In a letter to the Fed’s Board of Governors, the MPC said alterations proposed by the Fed last fall, while welcome, don’t go far enough in limiting the “huge profit margins” reaped by large banks for processing credit-card and debit-card payments.
The Fed in 2011 capped fees for financial institutions with $10 billion or more in assets at 21 cents, with an additional 1 cent for fraud prevention and 0.05% for fraud loss. The amendment proposed by the Fed last fall lowers the base amount to 14.4 cents and the amount for fraud loss to 0.04% but increases the amount for fraud prevention to 1.3 cents.

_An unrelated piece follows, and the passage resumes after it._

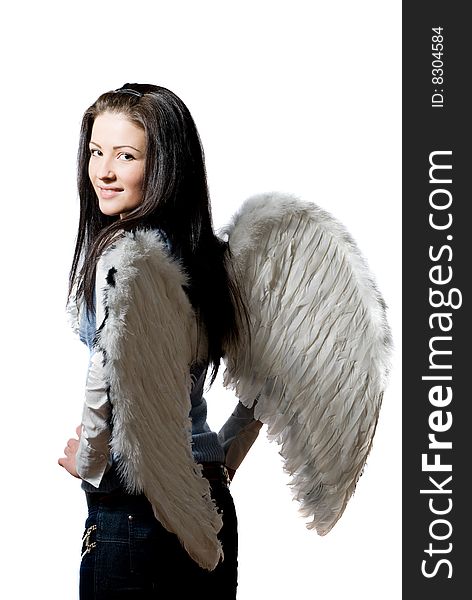 Pretty angel over white background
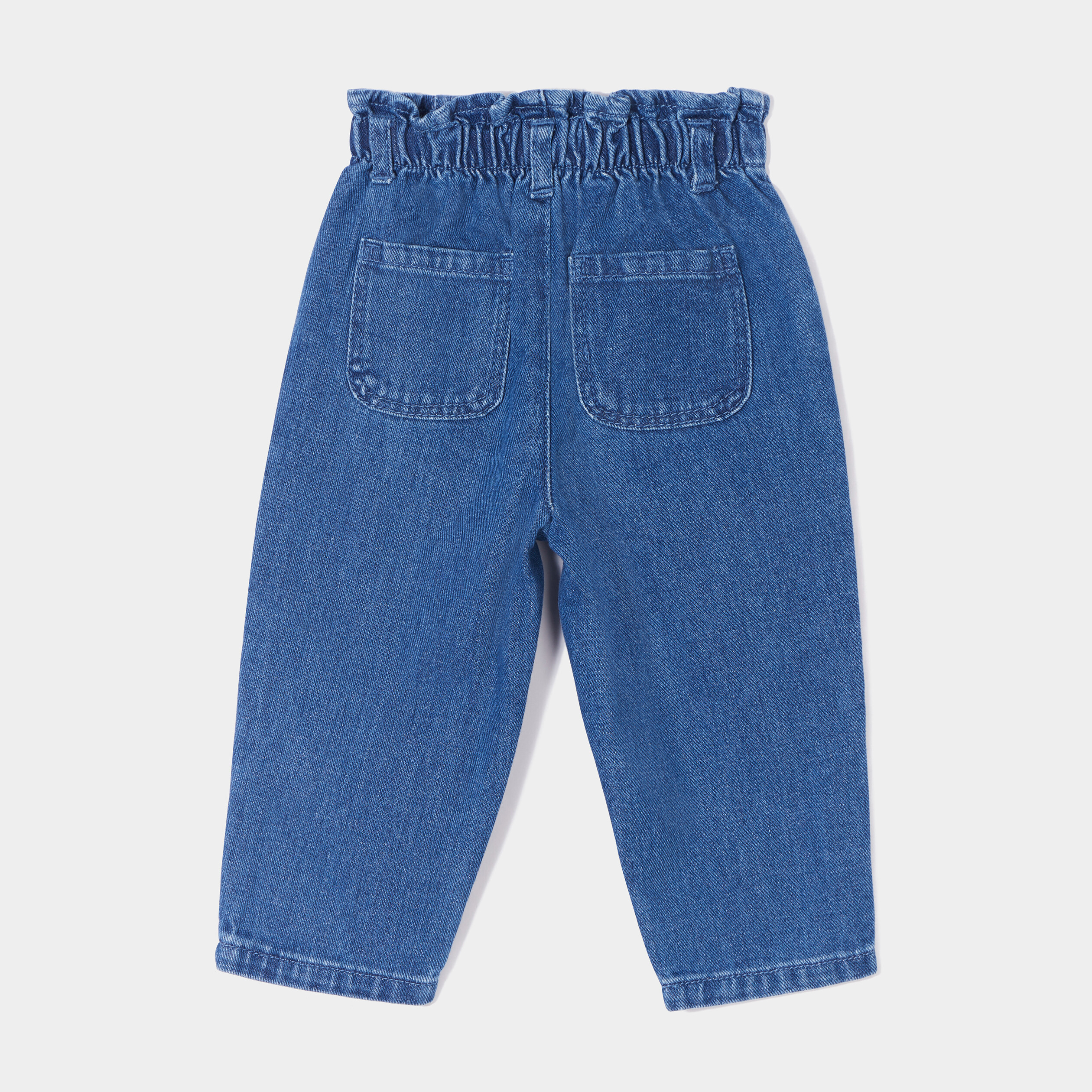 Jeans slouchy taille élastiquée Creeks denim stone bébé fille | La Halle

So while the central bank is proposing to lower what banks can charge by less than a third, the banks’ average costs for processing the payment-card transactions declined almost 50% — from 7.7 cents at the time the rate was set to 3.9 cents in 2021, the merchants’ coalition said in its letter.
The MPC calculates that a 14.4-cent base amount gives large banks an average profit margin of 270% on payment-card transactions. That compares with the 30% profit that the banks make on their overall business, MPC said.

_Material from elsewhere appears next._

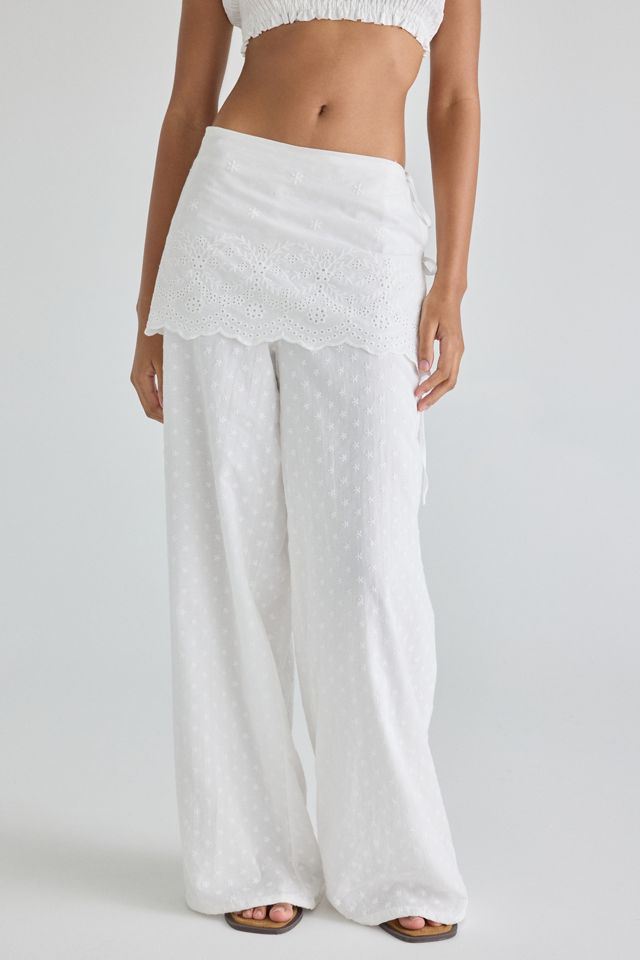 Daisy Street Cloud Eyelet Lace Wrap Skirt Pants #1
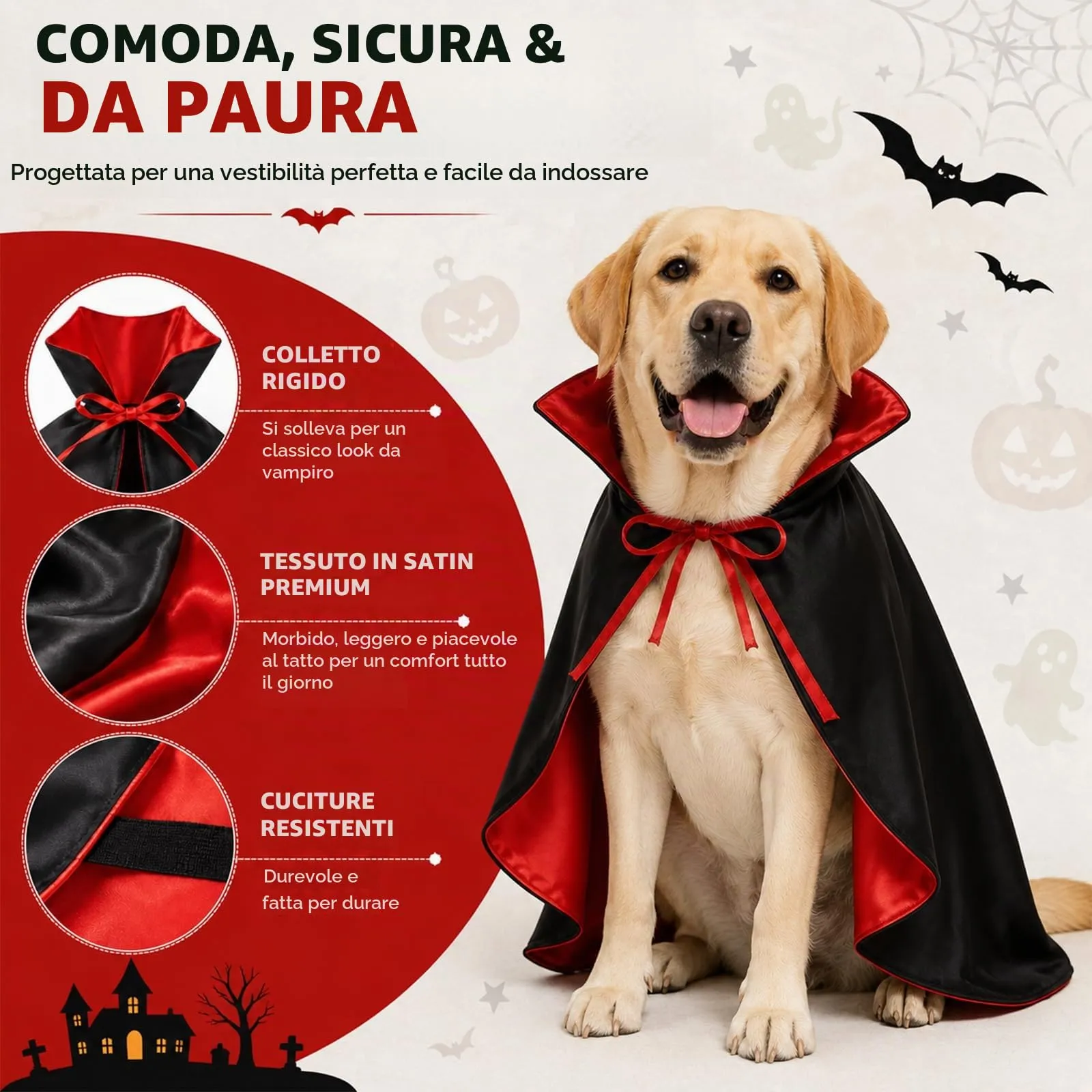 Costume di Halloween per cani, taglia L, 60 cm, mantello da vampiro con - immagine 4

“It is not reasonable for the Board to set a single base component rate that massively overcompensates high-volume, low-cost issuers,” whose debit operations are a tiny part of their overall business, MPC said.
MPC recommended that the Fed set separate rates for larger and smaller banks or one rate for all banks, with an exception for those that can demonstrate that their costs are higher.

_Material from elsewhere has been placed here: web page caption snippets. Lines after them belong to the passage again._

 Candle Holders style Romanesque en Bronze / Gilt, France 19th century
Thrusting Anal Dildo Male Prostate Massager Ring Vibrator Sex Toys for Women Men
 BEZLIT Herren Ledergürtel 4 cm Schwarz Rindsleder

Merchants pay when a card is tapped, inserted or swiped
“The MPC believes that several modifications are needed to the proposed rule in order to make it fully consistent with the governing statute,” according to the coalition of retailers, supermarkets, restaurants, drug stores, convenience stores, gas stations, online merchants, hotels and other businesses lobbying for changes to the payments system.
MPC said the amount charged for recovery from fraud loss should be eliminated. The level was set when banks bore 61% of fraud losses, but that’s down to 33% since the adoption of EMV chip cards, which shifted a large share of fraud costs to merchants. Merchants now bear far more fraud losses than banks and therefore should not also prepay for the banks’ much smaller losses, according to MPC, which asserted that the Fed’s proposal nearly eliminates banks’ financial incentives to fight fraud.
MPC also said it would be “clearly unreasonable” to increase the 1 cent for fraud prevention because banks “have not demonstrated that they have taken effective fraud prevention steps.” The current regulations require banks to have fraud prevention policies and self-certify that they follow the policies, but no data is collected to determine whether the policies are effective.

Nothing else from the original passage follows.